## RECORDS PROVIDED
↓

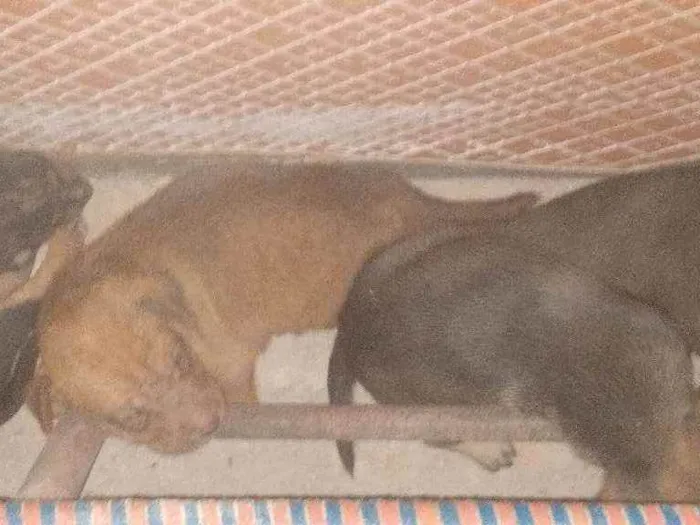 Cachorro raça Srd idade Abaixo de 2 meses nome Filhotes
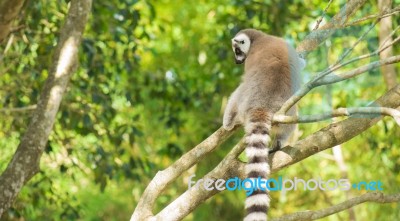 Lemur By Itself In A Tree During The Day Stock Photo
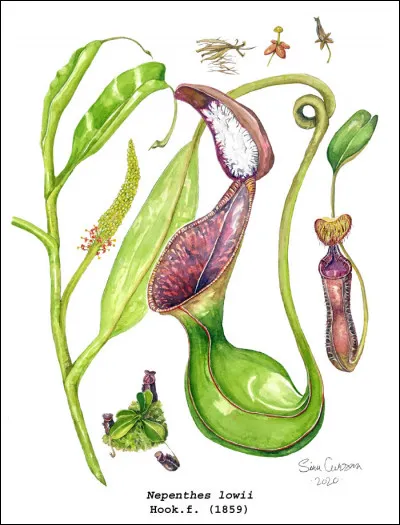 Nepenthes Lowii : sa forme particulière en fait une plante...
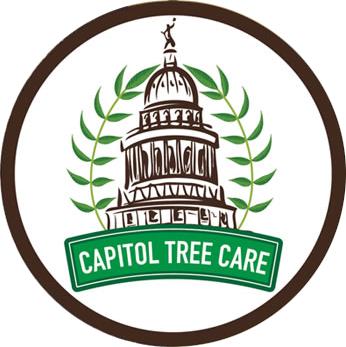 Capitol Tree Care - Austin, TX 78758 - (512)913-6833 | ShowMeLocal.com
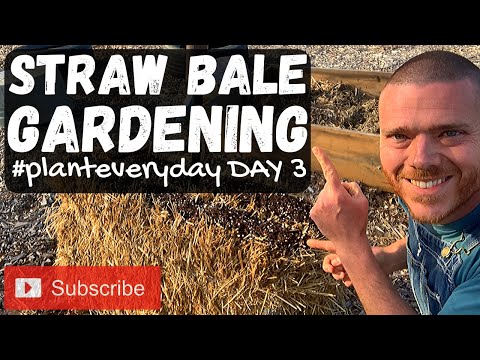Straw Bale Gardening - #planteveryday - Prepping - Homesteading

↑
↓

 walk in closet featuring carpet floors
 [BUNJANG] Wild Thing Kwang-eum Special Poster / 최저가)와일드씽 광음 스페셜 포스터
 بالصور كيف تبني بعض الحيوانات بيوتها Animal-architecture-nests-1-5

↑
↓

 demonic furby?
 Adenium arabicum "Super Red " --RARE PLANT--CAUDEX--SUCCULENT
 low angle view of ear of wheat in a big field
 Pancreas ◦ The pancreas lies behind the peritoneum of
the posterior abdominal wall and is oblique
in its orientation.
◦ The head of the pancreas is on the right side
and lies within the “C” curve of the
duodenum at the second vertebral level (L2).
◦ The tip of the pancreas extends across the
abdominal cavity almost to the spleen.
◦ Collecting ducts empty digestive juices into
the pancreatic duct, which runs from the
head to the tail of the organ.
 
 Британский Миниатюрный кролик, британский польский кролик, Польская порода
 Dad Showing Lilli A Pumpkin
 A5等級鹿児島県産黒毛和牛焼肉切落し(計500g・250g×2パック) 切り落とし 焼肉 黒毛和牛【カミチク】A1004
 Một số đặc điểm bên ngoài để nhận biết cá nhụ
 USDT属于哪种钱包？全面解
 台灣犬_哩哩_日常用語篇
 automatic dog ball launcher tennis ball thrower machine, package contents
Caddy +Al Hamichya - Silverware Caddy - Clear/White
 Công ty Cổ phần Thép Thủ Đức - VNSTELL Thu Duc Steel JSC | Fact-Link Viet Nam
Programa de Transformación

↑

## DIRECTIONS FOR THIS TASK
Only one stretch of the records above is wanted: the lines between the one holding "head to the tail of the organ." and the one holding "Programa de Transformación", inclusive, reproduced exactly.

## RESPONSE AREA
head to the tail of the organ.
 
 Британский Миниатюрный кролик, британский польский кролик, Польская порода
 Dad Showing Lilli A Pumpkin
 A5等級鹿児島県産黒毛和牛焼肉切落し(計500g・250g×2パック) 切り落とし 焼肉 黒毛和牛【カミチク】A1004
 Một số đặc điểm bên ngoài để nhận biết cá nhụ
 USDT属于哪种钱包？全面解
 台灣犬_哩哩_日常用語篇
 automatic dog ball launcher tennis ball thrower machine, package contents
Caddy +Al Hamichya - Silverware Caddy - Clear/White
 Công ty Cổ phần Thép Thủ Đức - VNSTELL Thu Duc Steel JSC | Fact-Link Viet Nam
Programa de Transformación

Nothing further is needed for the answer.